Ben öncelikle çalışan bir insan değil de bir veli olarak ne beklediğime bakarım bir okuldan. 

Başarılı, kendisi akademik, işine aşık, kafa patlatan öğretmen isterim. 

Heyecan isterim ki o heyecan benim de çocuğuma geçsin. 

Öfürdeyip pöfürdeyerek, saatinde dakikaları sayarak iş yapanı istemem.  

Bu şartlar altında ilk hafta ya sabah nöbetimiz vardır yumuşak geçiş diye yeni öğretmen yardımcısına verilmedi ki öğretmeni ile günün özetini yapabilsin, beraber o gün neler yapılacak konuşulabilsin. 

Oysaki O'nun gözü saatinde. Bebeği evde annesi bakıyor ama belki de her saat başı birbirlerine rapor veriyorlar. 
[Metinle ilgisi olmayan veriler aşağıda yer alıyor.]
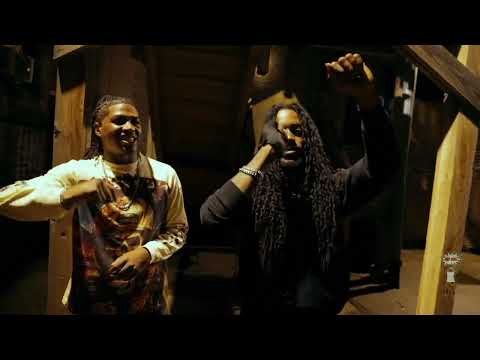 Donn Luciano - NightCrawler Freestyle ft BigBossDoda (Official Video) 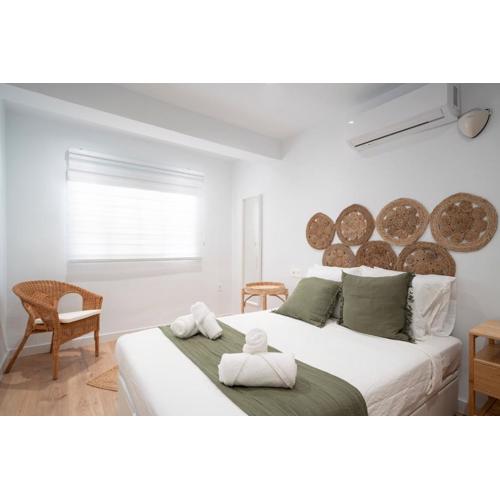 Ronda Suites junto estación tren y hospitales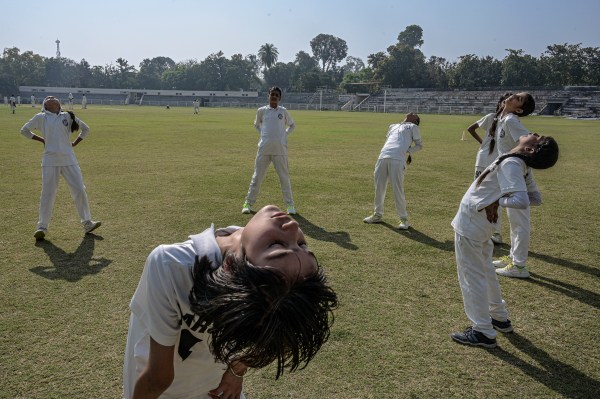 Women's cricket in India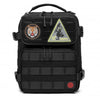 Army Life Kuwait Ghost bag II Black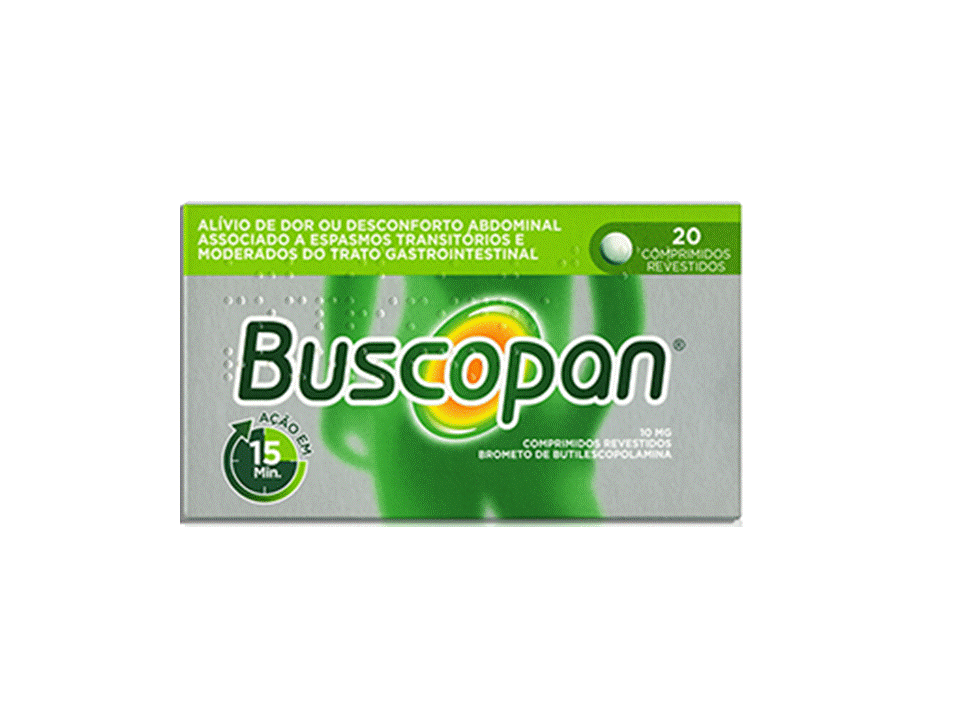 Buscopan 10mg 20 compresse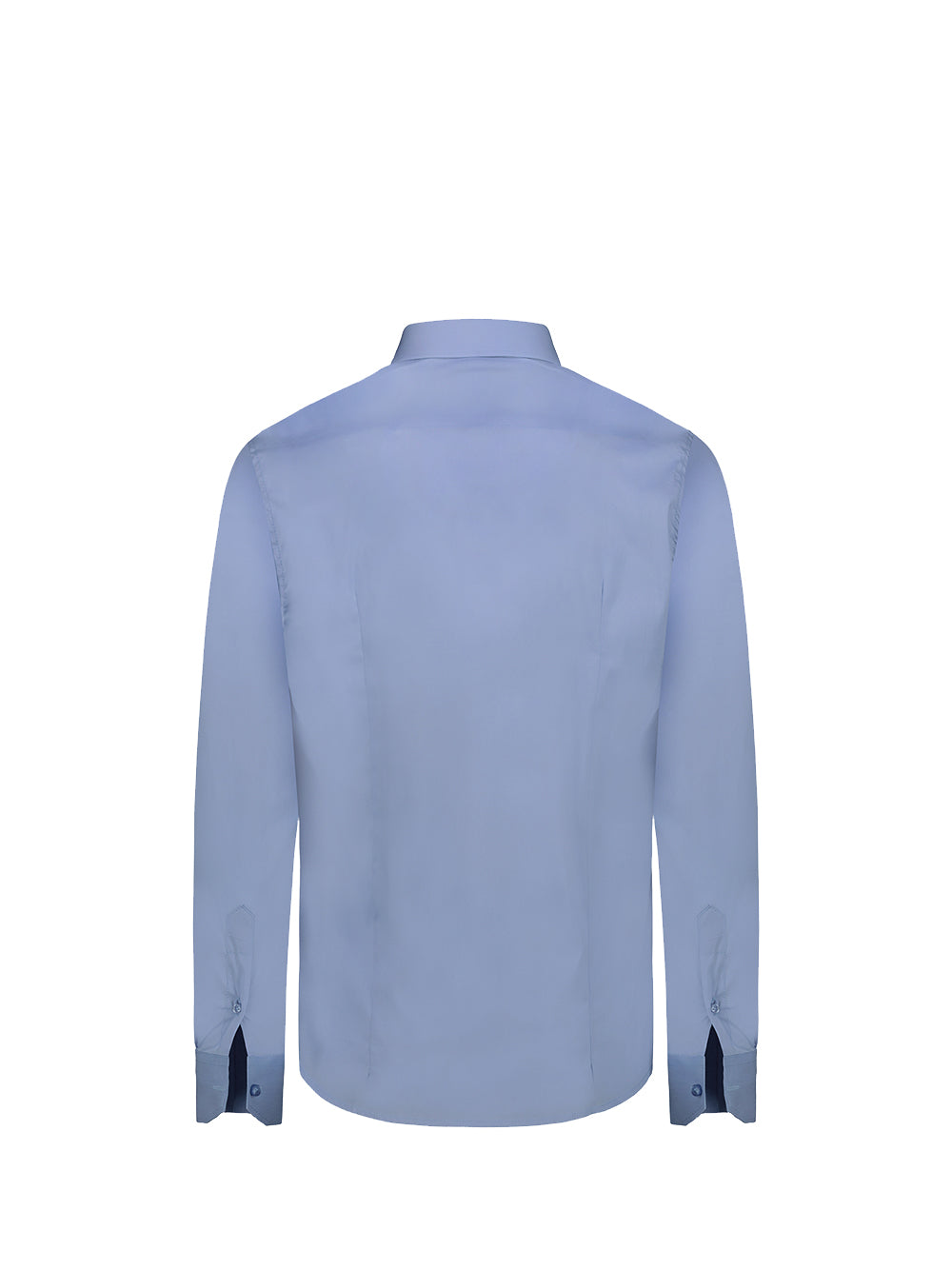 BRIAN BROME Brian Brome Camicia Uomo Celeste - Turchese Celeste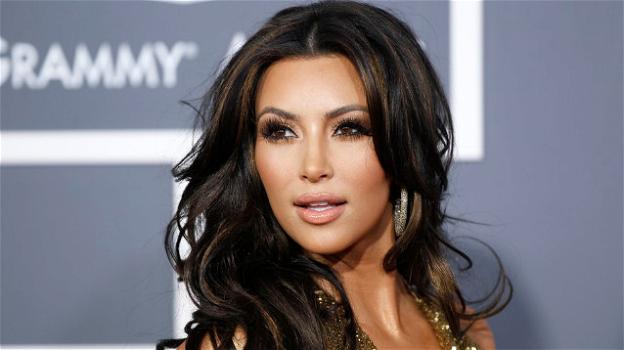 Arriva la biografia di Kim Kardashian: a 14 anni perse la verginità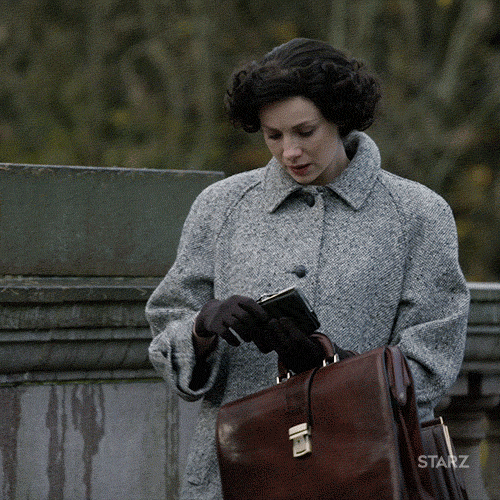 Claire bagpipe memories.gif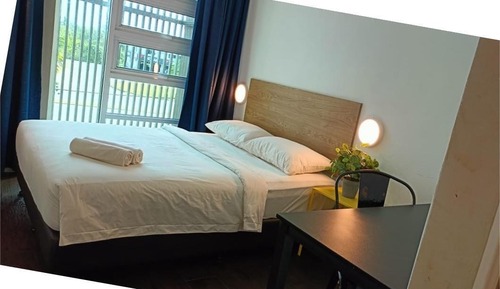 Habitación clásica doble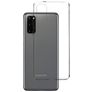 Mobiparts Classic Durchsichtig Samsung Galaxy S20 Hülle Flexibles TPU Backcover - Transparent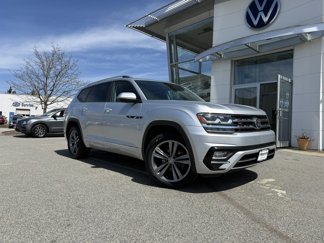 Certified 2019 Volkswagen Atlas SE w/ Towing Package image 1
Bir insanın küçük yavrusunu evde bırakmasının ne derece imkansız olduğunu biliyorum o yüzden de dokuz yıl çalışmadım. Daha uygun yaşandı, daha kesilerek...ama bunun ortası yok. Evde bırakılan bir bebek çok küçük yaşta çok ciddi hürriyet mücadelesi ile baş başa, başkalarının vicdanına emanet. Yapamıyorsan kendine karşı dürüst olacaksın ve arkandan işten kaçıyor damgası vurulacağına, yapamıyorum diyeceksin. 

Baktım liderliği almış olan naylon lider (liderler aslında kimseye yardım için değil, egoma bastım yüz demek için orada olduklarından) in umurunda bile değil! Zaten nasıl olsun ki, biz yüz kere daha fazla işin içindeyiz ikinci sınıflarla. Kimse doğru düzgün bir plan program çıkaramıyor. 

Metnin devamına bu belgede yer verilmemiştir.